BERLIM - Apesar das muitas atrações de Berlim, o topo da lista de marcos imperdíveis de muitos turistas é ocupado por um pequeno barracão de madeira. O antigo posto de guarda fica atrás de uma fila de sacos de areia num cruzamento movimentado do coração da cidade, sob uma placa que diz “Posto de controle do exército dos EUA". O mundo todo conhece o local como Checkpoint Charlie.
Foi nesse cruzamento que, durante a Crise de Berlim de 1961, tanques soviéticos e americanos protagonizaram um impasse que ameaçou mergulhar a humanidade em outra guerra. Após seis dias de tensão, os dois lados recuaram sem fazer um único disparo. Mas o local passou a ser considerado o marco zero do cisma da Guerra Fria que dividiu o mundo em blocos inimigos.

“Não existe equivalente em lugar nenhum, nada como um impasse entre tanques enquanto o mundo temia estar às vésperas da Terceira Guerra Mundial", disse a professora de história Hope M. Harrison, da Universidade George Washington, em Washington. “É isso que há de tão único a respeito do Checkpoint Charlie.”
Agora, o Checkpoint Charlie se vê no meio de outro impasse, envolvendo incorporadoras imobiliárias de um lado e historiadores de outro. A cidade de Berlim aprovou em 2017 planos para construir edifícios comerciais e residenciais (incluindo um Hard Rock Hotel) nos dois últimos terrenos vagos do local. Foi incluído espaço para um museu, mas este deve ser integrado ao edifício comercial, e as exposições devem ser abrigadas no subterrâneo.
Os planos desencadearam uma intensa reação negativa. A incorporadora, Trockland, foi acusada de“propor a transformação do Checkpoint Charlie num parque temático” numa carta aberta de autoria de Thomas Flierl, ex-ministro da cultura da cidade, ao lado de cinco outros arquitetos, historiadores e planejadores urbanos.
A indignação chegou a tal ponto que, em dezembro, as autoridades de Berlim abandonaram subitamente o projeto. O escritório de desenvolvimento urbano da cidade diz agora estar trabalhando num novo plano, que deve ficar pronto em questão de um ano. Nas três décadas passadas após a queda do muro, a história do antigo posto de controle sempre teve de ceder espaço para o comércio e o turismo exploratório.
Acima da placa em inglês, russo, francês e alemão, informando aos visitantes que “Você está deixando o setor americano", outra placa indica a eles o caminho para o KFC. Um pouco mais adiante, um McDonald oferece mais um gostinho dos Estados Unidos. Do lado oriental da guarita - uma réplica da original, que está num museu - jovens vestidos como aviadores militares dos anos 1960 posam lado a lado.
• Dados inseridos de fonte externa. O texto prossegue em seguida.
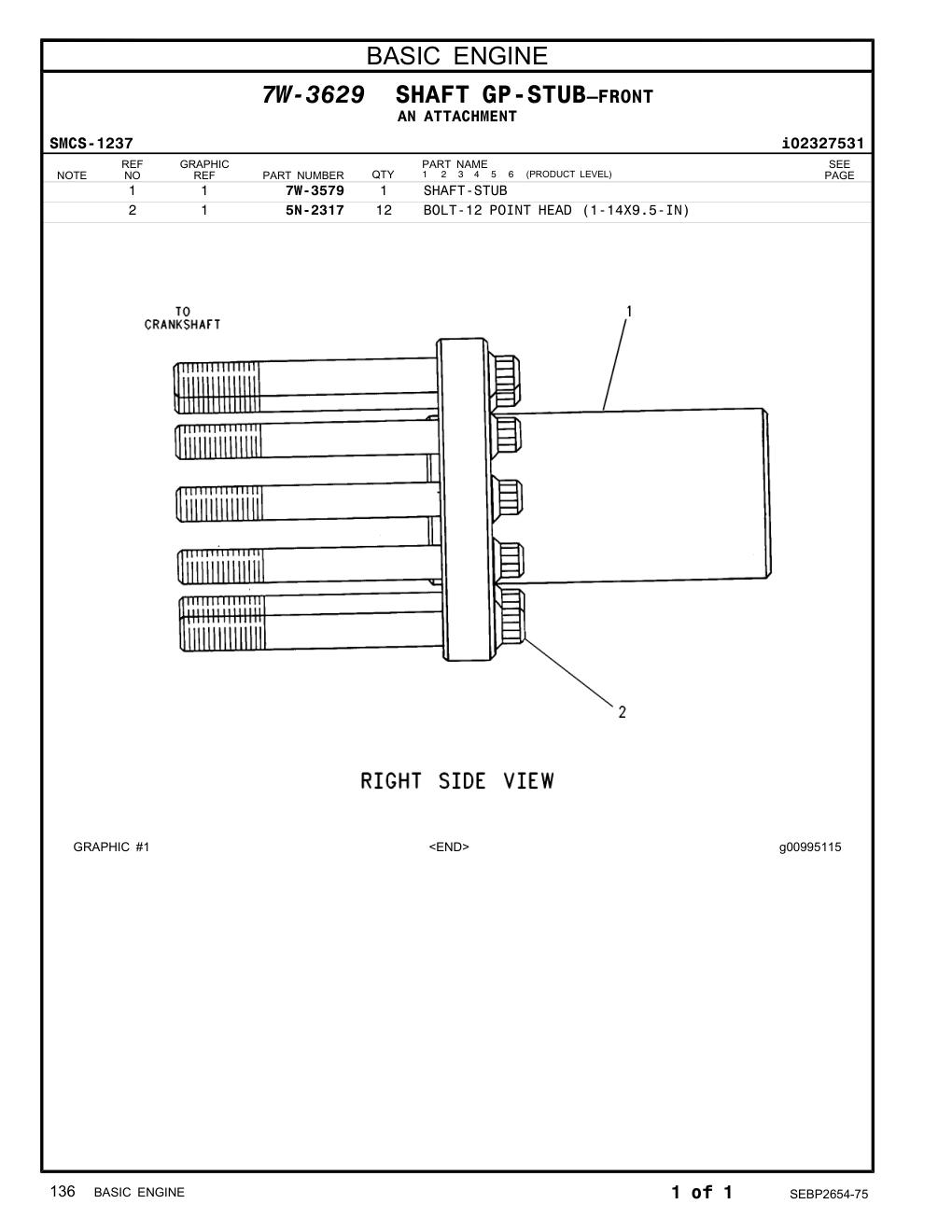7W-3579 SHAFT-STUB CAT parts manual diagram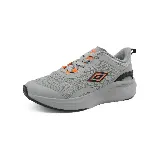 Championes grises de running, con detalles en negro y naranja.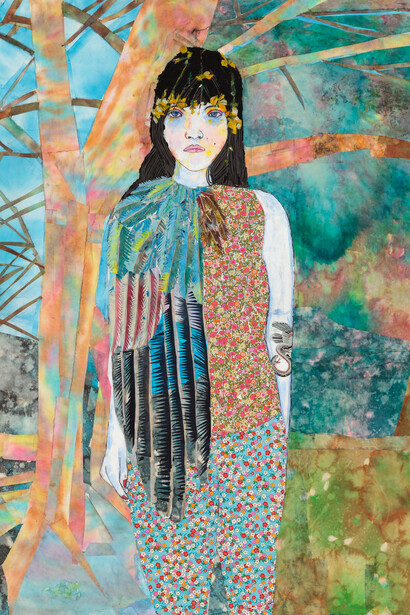 Maria Berrio. The Nightingale 3 (2017), collage w/ Japanese paper on canvas, 60” x 48”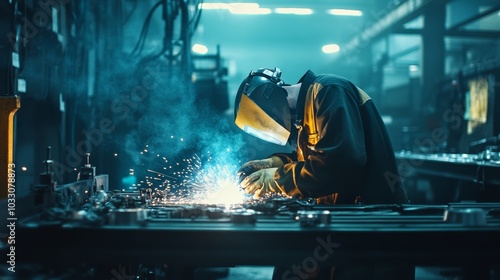 A welding worker in a factory, welding metal parts together on an industrial production line, with safety equipment and tools around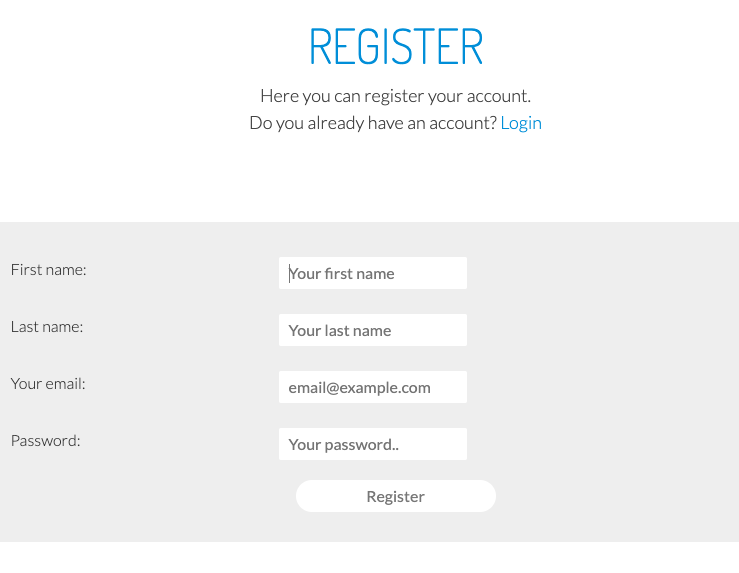 Audified account registration page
Numa das mãos, trazem a bandeira americana. Com a outra, fazem sinais de positivo com o polegar, ou abraçam turistas dispostos a pagar alguns euros por uma foto.
Até hoje, há apenas instalações temporárias para informar aqueles mais interessados na história do lugar do que em fazer selfies. Aqueles que visitavam o Checkpoint Charlie num dia recente disseram que o local era demasiadamente importante para ser perdido. Dominick Devismes estudava uma exposição exterior mostrando imagens da Guerra Fria que trouxeram de volta lembranças da infância na França. “Precisam preservar o lugar, caso contrário as pessoas o esquecerão", disse Devismes. “Como a própria Berlim, o posto de controle ainda é simbólico.”
Del Kittendorf, de Marietta, Geórgia, conheceu em primeira mão o Checkpoint Charlie em 1983. Tinha participado de um encontro da igreja luterana na então Alemanha Oriental, e atravessou para o lado Ocidental. “Eles verificaram a parte inferior do ônibus com espelhos e mexeram em toda a bagagem - era uma loucura", disse ele. “O lugar merece ser preservado. É uma lembrança que devemos guardar para honrar a história.”